For instance, the district this year removed from the classroom four “student achievement” teachers to track scores and train other teachers. District Director of Student Achieve­ment Brenda Case said these student achievement teachers will help classroom teachers once they get their feet wet.

District Technology Director Joni de Szendeffy responded to a request from the Roundup by collating actual enrollment by school this year.

The figures show that at PES the average classroom has 24 students, compared to the goal of 20. Designed originally to house 540 students, the campus now has 543.

At JRE, average class sizes run from 26 in third grade to a high of 32 in fifth grade. The goal is to have classes at 24 students each. JRE can hold 720 students and currently has 563.

At the middle school, some classes have just 11 students, including girls P.E. Other classes have 36 students such as in language arts. The staffing model calls for class sizes averaging 22 students. Currently, classes average 24. The school has a capacity of 792 and currently instructs 547.

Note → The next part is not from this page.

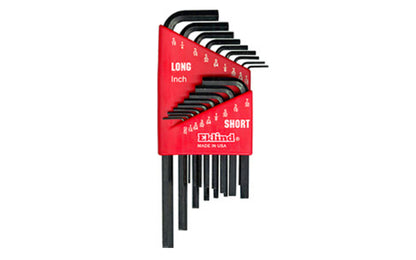 Eklind 18-PC Long & Short Hex-L Wrench Key Set - SAE. .050", 1/16", 5/64", 3/32", 7/64",  1/8", 9/64", 5/32", 3/16", 7/32", & 1/4" sizes. Allen wrench set is hardened, tempered & finished with Eklind black finish to resist rust. Plastic holder firmly retains each key. Eklind model 10018. Made in USA.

Payson High School has a capacity for 1,082 students and currently has 751. Most classes have 30 or more students, but the average comes out at 23 thanks to some very small special education and elective classes.

In response to Van Zile’s comment on large class sizes, board member Jim Quinlan responded by reading from an Arizona Republic article that reported four Arizona schools made the top 30 in the United States, according to a student in U.S. News and World Report which looked at reading and math proficiency. All those top schools had small class sizes, he said.

“When you have small classes with eager teachers you get results,” he said, “I’m for getting class sizes down to smaller sizes because the best schools have small class sizes.”


roysandoval 3 years, 4 months ago

In 2010 Payson High School offered the following nationally certified Advanced Placement classes: Calculus AB, Calculus BC, Biology, Physics, Chemistry, U.S. History and English. At one time there were two sections of AP History and two sections of AP Chemistry. There were also at least two AP Scholars, students who had passed at least five AP national exams for college credit.
The bottom line is, Advanced Placement classes and the number of students enrolled in them are indicators of the academic health and rigor of a high school. Because they are nationally normed, AP final exams indicate to students, prospective universities and scholarship entities, where a student stands compared to students anywhere else in country.
Additionally, research has shown that even if students do not receive college credit from the national tests, those who take two or more AP classes in high school are much more likely to go to college and receive a four year degree. It is a tragedy that the number of AP offerings have been cut, particularly calculus.
I submit the creation of a six period day by a former PHS administrator severely damaged the AP (and vocational) programs because this action severely limited the number of available opportunities a students had for certain classes and also limited the time slots to offer classes (some AP and vocational courses take two periods). This should be rectified. Secondly, if the High School is offering classes like STEM science to spur interest in engineering and science, but they are not offering high level math and science courses, it is a waste of teacher FTE's (Full Time Equivalents) because the students will be taking a "hands on" "high interest" class but will be unable cope with the rigors of math and science classes necessary for an advanced degree in engineering or one of the "hard" sciences.